-- Source data --
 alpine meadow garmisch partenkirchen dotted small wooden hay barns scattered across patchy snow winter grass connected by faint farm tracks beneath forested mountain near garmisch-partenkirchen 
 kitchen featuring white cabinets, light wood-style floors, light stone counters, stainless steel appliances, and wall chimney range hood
...
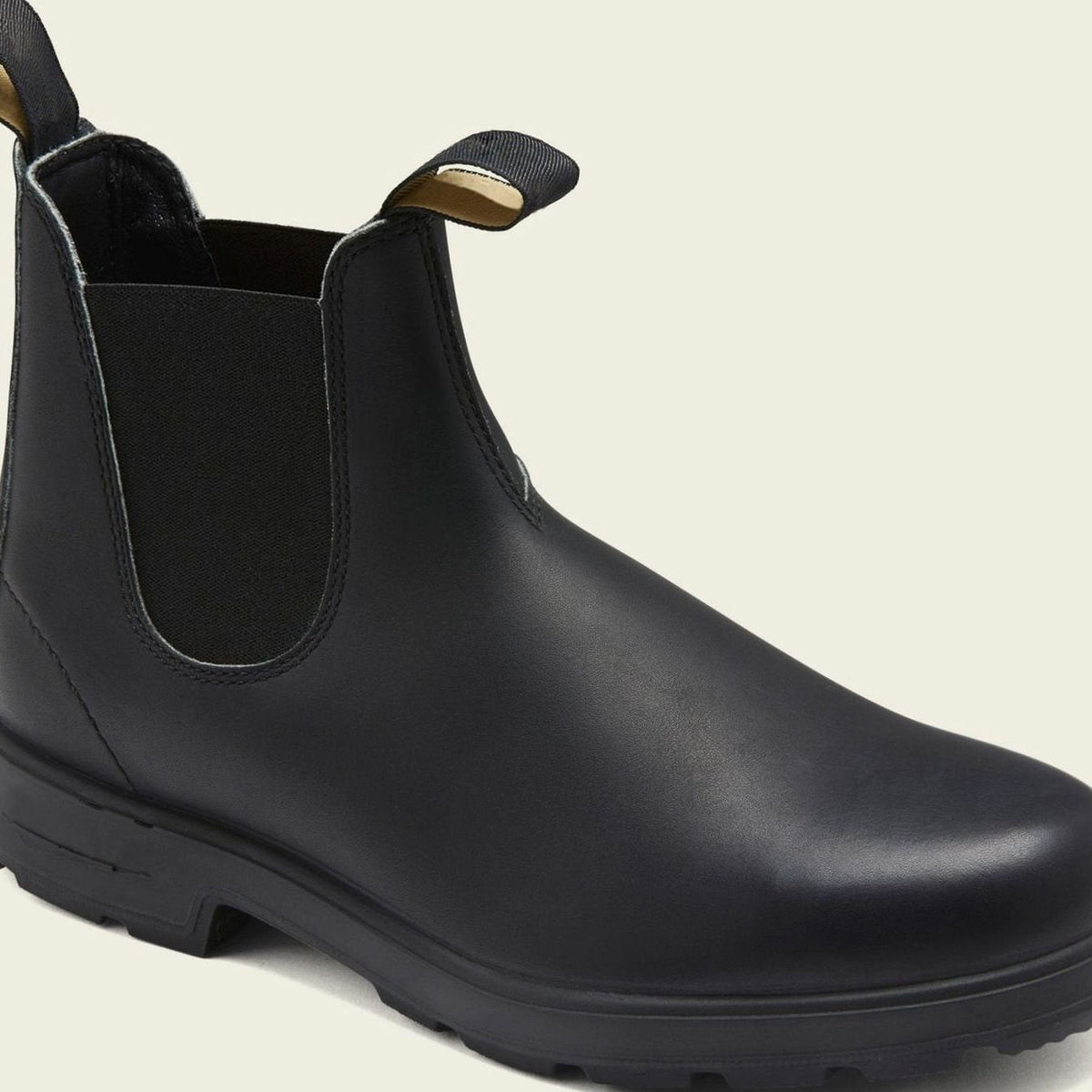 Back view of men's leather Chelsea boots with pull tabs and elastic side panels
...
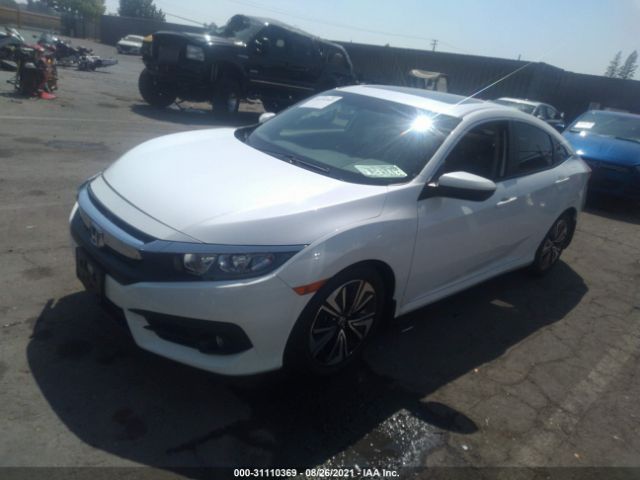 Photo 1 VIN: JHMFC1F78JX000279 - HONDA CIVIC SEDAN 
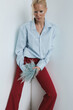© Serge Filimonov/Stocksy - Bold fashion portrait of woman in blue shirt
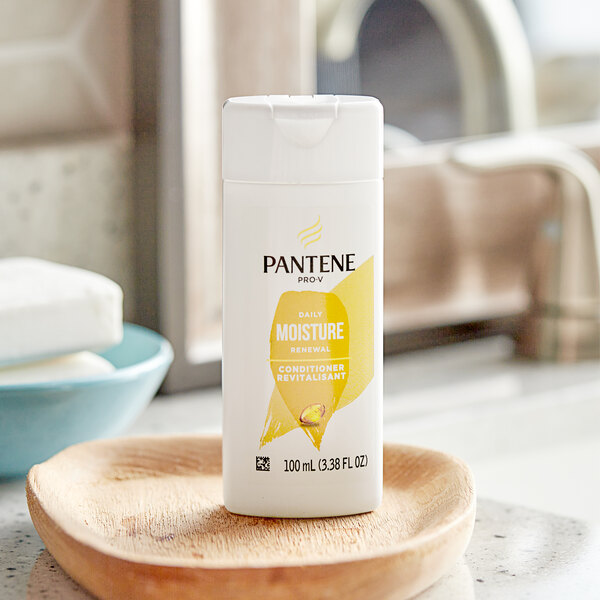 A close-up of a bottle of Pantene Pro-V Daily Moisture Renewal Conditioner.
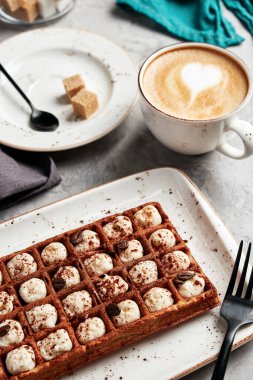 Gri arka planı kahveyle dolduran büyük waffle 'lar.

-- Task directions --
Write back word for word every line in the entries above from the one with "in blue shirt" to the one with "Gri arka planı", ends included, and none of the pictures.

-- Exercise output --
© Serge Filimonov/Stocksy - Bold fashion portrait of woman in blue shirt
 A close-up of a bottle of Pantene Pro-V Daily Moisture Renewal Conditioner.
 Gri arka planı kahveyle dolduran büyük waffle 'lar.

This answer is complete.